Let's say we have $(q, \dot{q})$ as the generalised coordinate and generalised velocity. If we have a Lagrangian given by $$L=Aq\dot{q}+Bq$$ where $A$ and $B$ are constants that give the right units to the Lagrangian, then the canonical momentum $p$ we use to perform the Legendre transformation to get the Hamiltonian is

$$p=\frac{\partial L}{\partial \dot{q}}=Aq.$$ But then $p$ and $q$ are not independent variables as $$\frac{\partial p}{\partial q}=\frac{\partial}{\partial q} Aq=A\neq0.$$

What am I doing wrong here?

Answer 1

1. OP's Lagrangian $$L(q,v,t)~=~Aqv+Bq\tag{1}$$ has EL equation $$B~\approx~ 0,\tag{2}$$ so the theory only has classical solutions if $B=0$. In the latter case, the Lagrangian is a total derivative, so the Euler-Lagrange (EL) equation is trivially satisfied.
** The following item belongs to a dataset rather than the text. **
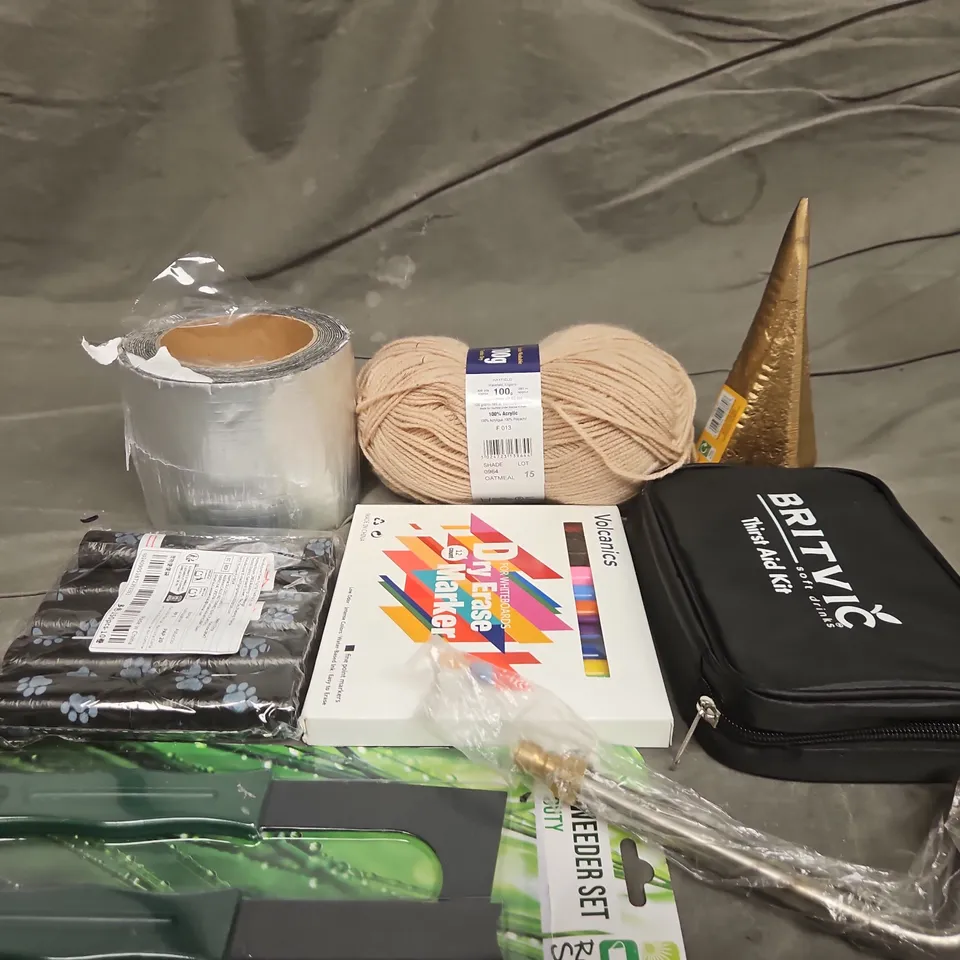 TOTE OF APPROXIMATELY 10 ASSORTED HOUSEHOLD ITEMS TO INCLUDE LOG SPLITTER, WOOL AND DOGGY BAGS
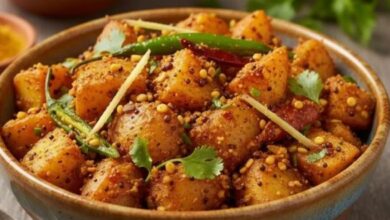 Photo of सब्जी तो रोज खाते हैं, एक बार चखिए आलू का चटपटा अचार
Either way, OP's Lagrangian leads to a rather singular theory.

2. Concerning the corresponding Hamiltonian formulation, OP's Lagrangian is an example where the Legendre transformation is singular, i.e. we cannot invert the relation $$p~=~\frac{\partial L}{\partial v}~=~Aq\tag{3}$$ to find $v$ as a function of $p$. Instead eq. (3) is a primary constraint, i.e. $q$ and $p$ are indeed not independent variables, and one would have to perform a Dirac-Bergmann analysis. A secondary constraint is eq. (2). The Hamiltonian becomes $$H~=~\lambda(p-Aq),\tag{4}$$ where $\lambda$ is a Lagrange multiplier.

3. For regular Lagrangians, see e.g. this related Phys.SE post.